Ein ungewöhnliches Bild in der vatikanischen Audienzhalle: Zum ersten Welttag der Armen hat Franziskus am Sonntag etwa 1.500 Bedürftige zu einer Armenspeisung eingeladen. Sie fand im Anschluss an seine Messe im Petersdom statt; der Papst nahm selbst an ihr teil.
Auch in vielen anderen kirchlichen Einrichtungen und Mensen in Rom fanden ähnliche Armenspeisungen statt. Insgesamt wurden auf diese Weise etwa 4.000 Menschen verköstigt. Franziskus hat ähnliche Armenspeisungen schon mehrfach durchgeführt, zuletzt in diesem Herbst bei einem Besuch im norditalienischen Bologna in der Basilika San Petronio.

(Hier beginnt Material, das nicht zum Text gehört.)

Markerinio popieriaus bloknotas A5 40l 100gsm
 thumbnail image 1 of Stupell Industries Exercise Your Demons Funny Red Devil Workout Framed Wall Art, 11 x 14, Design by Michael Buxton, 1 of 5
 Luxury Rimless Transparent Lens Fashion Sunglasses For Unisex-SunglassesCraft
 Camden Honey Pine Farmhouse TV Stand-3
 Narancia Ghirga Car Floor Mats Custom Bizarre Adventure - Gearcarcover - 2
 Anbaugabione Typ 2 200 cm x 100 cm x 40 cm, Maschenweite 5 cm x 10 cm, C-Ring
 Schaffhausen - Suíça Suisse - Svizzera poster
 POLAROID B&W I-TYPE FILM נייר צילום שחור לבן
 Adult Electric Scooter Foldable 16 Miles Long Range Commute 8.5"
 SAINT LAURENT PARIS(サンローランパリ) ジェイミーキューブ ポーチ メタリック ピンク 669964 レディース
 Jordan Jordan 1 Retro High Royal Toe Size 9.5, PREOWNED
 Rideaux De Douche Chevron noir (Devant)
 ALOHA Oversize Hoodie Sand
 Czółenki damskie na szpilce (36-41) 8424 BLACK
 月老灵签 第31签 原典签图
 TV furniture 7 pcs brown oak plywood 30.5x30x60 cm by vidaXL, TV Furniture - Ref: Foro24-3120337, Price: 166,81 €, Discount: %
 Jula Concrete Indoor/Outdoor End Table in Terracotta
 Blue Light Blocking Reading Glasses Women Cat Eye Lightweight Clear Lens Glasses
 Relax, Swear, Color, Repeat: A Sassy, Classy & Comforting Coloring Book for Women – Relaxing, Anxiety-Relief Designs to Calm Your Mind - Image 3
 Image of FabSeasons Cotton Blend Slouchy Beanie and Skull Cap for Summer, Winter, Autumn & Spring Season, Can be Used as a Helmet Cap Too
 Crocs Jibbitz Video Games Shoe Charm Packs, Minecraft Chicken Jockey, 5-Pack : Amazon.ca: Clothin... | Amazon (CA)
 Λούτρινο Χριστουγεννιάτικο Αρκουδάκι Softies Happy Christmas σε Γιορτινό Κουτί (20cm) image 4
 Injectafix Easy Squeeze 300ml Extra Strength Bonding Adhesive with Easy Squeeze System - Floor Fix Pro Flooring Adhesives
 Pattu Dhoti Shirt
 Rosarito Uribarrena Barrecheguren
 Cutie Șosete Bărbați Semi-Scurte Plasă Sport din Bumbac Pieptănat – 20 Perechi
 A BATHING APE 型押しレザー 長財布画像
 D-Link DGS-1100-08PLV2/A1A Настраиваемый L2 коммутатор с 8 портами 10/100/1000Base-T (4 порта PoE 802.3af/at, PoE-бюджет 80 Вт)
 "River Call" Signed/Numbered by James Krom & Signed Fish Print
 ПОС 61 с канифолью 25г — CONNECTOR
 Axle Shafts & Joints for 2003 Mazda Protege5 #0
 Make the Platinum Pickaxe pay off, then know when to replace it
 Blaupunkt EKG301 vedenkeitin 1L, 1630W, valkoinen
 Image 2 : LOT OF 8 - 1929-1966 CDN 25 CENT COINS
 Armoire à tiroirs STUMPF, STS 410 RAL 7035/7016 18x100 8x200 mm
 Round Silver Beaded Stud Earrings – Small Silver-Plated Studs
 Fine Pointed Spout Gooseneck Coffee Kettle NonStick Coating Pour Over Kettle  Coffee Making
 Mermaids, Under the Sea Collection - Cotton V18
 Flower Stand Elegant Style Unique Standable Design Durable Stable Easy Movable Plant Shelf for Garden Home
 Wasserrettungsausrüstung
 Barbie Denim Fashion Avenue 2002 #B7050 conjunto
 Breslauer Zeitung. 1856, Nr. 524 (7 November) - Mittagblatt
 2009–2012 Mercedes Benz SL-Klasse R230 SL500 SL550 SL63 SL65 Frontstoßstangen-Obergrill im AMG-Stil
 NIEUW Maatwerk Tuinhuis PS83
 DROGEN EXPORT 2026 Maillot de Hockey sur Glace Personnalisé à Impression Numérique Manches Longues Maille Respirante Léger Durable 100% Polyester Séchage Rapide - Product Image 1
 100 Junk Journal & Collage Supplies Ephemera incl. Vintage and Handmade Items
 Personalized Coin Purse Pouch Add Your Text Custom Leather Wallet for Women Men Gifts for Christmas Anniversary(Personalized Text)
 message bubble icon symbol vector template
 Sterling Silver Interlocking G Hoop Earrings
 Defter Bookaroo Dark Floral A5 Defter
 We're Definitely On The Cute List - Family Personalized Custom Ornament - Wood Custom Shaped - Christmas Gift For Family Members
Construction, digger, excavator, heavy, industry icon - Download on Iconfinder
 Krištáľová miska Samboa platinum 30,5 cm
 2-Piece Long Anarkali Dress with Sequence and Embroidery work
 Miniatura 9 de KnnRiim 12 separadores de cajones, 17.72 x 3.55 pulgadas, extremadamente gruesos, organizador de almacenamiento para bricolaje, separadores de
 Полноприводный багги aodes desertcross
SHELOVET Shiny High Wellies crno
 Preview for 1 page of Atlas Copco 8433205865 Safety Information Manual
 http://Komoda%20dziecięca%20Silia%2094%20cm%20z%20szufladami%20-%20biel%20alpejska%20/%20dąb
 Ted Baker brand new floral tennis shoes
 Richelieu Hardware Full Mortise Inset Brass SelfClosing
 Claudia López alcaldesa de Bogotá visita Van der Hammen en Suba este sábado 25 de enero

Papstpredigt am Welttag der Armen
„Wir sind alle Bettler“
[...]
In der Tat, als liebevoller und anspruchsvoller Vater, der er ist, überträgt er uns eine Verantwortung. Im Gleichnis sehen wir, dass jedem Diener Talente anvertraut werden, damit er sie vervielfache. Aber während die ersten beiden diesem Auftrag nachkommen, macht der dritte Diener seine Talente nicht fruchtbar; er gibt nur das zurück, was er erhalten hatte: »Weil ich Angst hatte«, sagte er, »habe ich dein Geld in der Erde versteckt. Sieh her, hier hast du das Deine« (Mt25, 25). Dieser Diener erntet dafür das harte Urteil, schlecht und faul zu sein (vgl. V. 26). Was aber hat dem Herrn an ihm nicht gefallen? Mit einem Wort, das heute etwas aus der Mode gekommen, aber doch sehr aktuell ist, würde ich sagen: die Unterlassung. Das Schlechte an ihm war, dass er das Gute nicht getan hat. Auch wir meinen oft, wir hätten nichts Schlechtes getan, und geben uns damit zufrieden. Wir meinen, wir seien gut und gerecht. So aber laufen wir Gefahr, uns wie der schlechte Diener zu verhalten: Auch er hat nichts Böses getan, er hat das Talent nicht verloren, er hat es sogar gut bewahrt unter der Erde. Aber es reicht eben nicht aus, nichts Böses zu tun. Denn Gott ist kein Kontrolleur, der nach nicht abgestempelten Fahrkarten fahndet, sondern er ist ein Vater auf der Suche nach Kindern, denen er seine Güter und seine Pläne anvertrauen kann (vgl. V. 14). Und es ist traurig, wenn der liebevolle Vater keine großzügige Antwort der Liebe von seinen Kindern erhält, und diese sich allein darauf beschränken, die Regeln zu respektieren und die Gebote zu erfüllen wie die bezahlten Knechte im Haus des Vaters (vgl. Lk 15,17).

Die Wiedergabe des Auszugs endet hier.